Efektowna wygrana w Sosnowcu okazała się dla zawodników ŁKS-u jedynie sympatycznym przerywnikiem od fatalnej ligowej serii. Na Dolnym Śląsku łodzianie przegrali bowiem po raz ósmy z rzędu w obecnych rozgrywkach PKO Ekstraklasy. I marne to pocieszenie, że losy poniedziałkowej konfrontacji mogły się potoczyć zupełnie inaczej…

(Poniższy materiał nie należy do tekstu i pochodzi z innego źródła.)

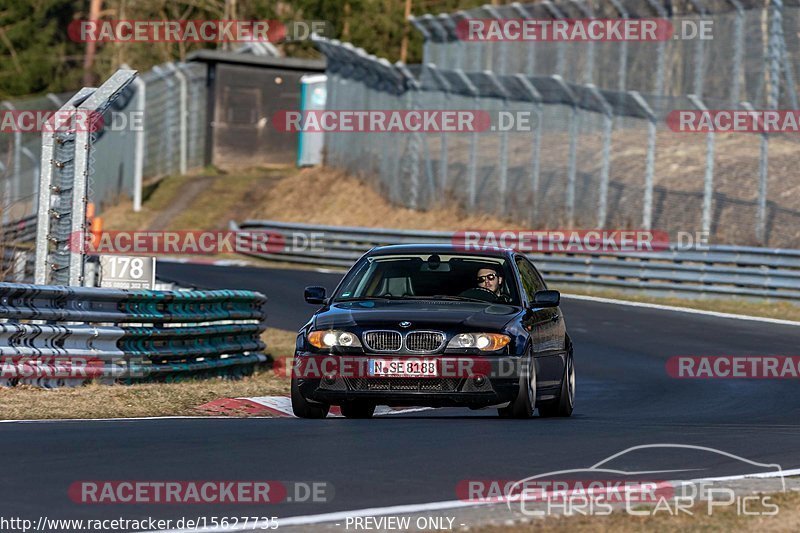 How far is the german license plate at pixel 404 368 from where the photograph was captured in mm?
11609

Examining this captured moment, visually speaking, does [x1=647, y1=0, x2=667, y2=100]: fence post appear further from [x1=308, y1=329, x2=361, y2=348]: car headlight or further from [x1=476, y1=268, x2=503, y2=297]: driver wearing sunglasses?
[x1=308, y1=329, x2=361, y2=348]: car headlight

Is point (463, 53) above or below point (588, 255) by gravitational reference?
above

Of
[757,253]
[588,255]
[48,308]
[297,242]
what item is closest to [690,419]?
[48,308]

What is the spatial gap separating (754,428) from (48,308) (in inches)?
242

Poniedziałkowe spotkanie lepiej rozpoczęli, niedawną uskrzydleni pucharową wygraną w Sosnowcu, łodzianie. Po wymienia szybkich kilku podań jeszcze w pierwszej minucie Dani Ramirez uderzył technicznie z około 20 metrów, ale pewnie złapał piłkę Dominik Hładun. Zaledwie trzy minuty później lewą stroną wpadł w pole karne lubinian Artur Bogusz, lecz jego zagranie zostało zablokowane, a piłkę po strzale Dragoljuba Srnicia zbił do boku golkiper Zagłębia. Po rzucie rożnym lubińskiego bramkarza próbował jeszcze zaskoczyć uderzeniem głową Rafał Kujawa, lecz piłka poleciała wprost w rękawice Hładuna.

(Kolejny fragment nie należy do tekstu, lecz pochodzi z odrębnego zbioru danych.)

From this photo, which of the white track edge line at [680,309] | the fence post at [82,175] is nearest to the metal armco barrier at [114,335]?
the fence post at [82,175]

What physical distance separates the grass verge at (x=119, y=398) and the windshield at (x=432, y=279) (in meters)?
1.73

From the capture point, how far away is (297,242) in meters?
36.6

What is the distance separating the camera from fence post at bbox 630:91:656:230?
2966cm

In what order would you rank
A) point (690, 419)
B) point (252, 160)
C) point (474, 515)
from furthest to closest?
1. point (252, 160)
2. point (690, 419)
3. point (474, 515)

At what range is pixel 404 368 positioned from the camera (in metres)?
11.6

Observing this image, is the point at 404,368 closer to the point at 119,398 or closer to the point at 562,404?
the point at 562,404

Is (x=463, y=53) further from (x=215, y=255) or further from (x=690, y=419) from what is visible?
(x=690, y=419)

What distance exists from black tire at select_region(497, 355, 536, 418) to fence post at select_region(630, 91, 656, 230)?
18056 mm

W 11. minucie po raz kolejny defensywa „Miedziowych” znalazła się w sporych opałach. Po szybkim rozegraniu piłki Michał Trąbka bez namysłu uderzył z kilkunastu metrów, lecz od utraty gola miejscowych uratowała poprzeczka. I ta sytuacja najwyraźniej podziałała pobudzająco na graczy Zagłębia, bo kolejny fragment meczu toczył się pod ich dyktando. W 15. minucie lubinianie dali zawodnikom ŁKS-u pierwsze ostrzeżenie – z prawej strony mocno wzdłuż linii bramkowej z prawej strony zagrał Alan Czerwiński, ale nikt z jego kolegów nie zdołał sięgnąć piłki i zmienić kierunku jej lotu. W kolejnej akcji znów było bardzo groźnie pod bramką podopiecznych Kazimierza Moskala, lecz w tej z kolei sytuacji błysnął Arkadiusz Malarz i odbił piłkę na rzut rożny. Niestety, chwilę potem sprawdziło się powiedzenie „do trzech razy sztuka” i Zagłębie objęło prowadzenie. Najpierw ełkaesiaków uratował jeszcze słupek, ale dobitka Damjana Bohara była już skuteczna…

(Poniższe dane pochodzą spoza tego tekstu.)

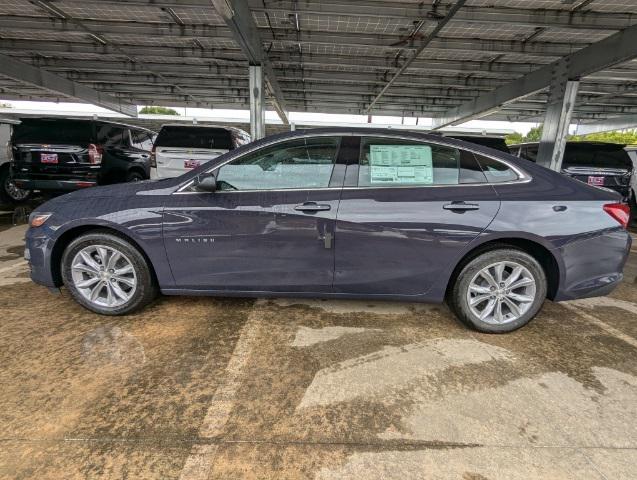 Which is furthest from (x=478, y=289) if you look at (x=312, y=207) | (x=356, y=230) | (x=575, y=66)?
(x=575, y=66)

Niekorzystny wynik nie odebrał na szczęście piłkarzom z Łodzi chęci do walki. Potwierdzeniem tych słów była sytuacja z 18. minuty, gdy znów swoją obecność na boisku kąśliwym strzałem zaznaczył Trąbka. Piłkę z najwyższym trudem odbił jednak do boku Hładun, a za chwilę poradził sobie także z dobitką Ramireza. Ofensywne zapędy ŁKS-u boleśnie zostały przerwane w 20. minucie, kiedy na 2:0 podwyższył Sasa Zivec – przy biernej postawie obrony Słoweniec z kilku metrów wpakował piłkę do siatki.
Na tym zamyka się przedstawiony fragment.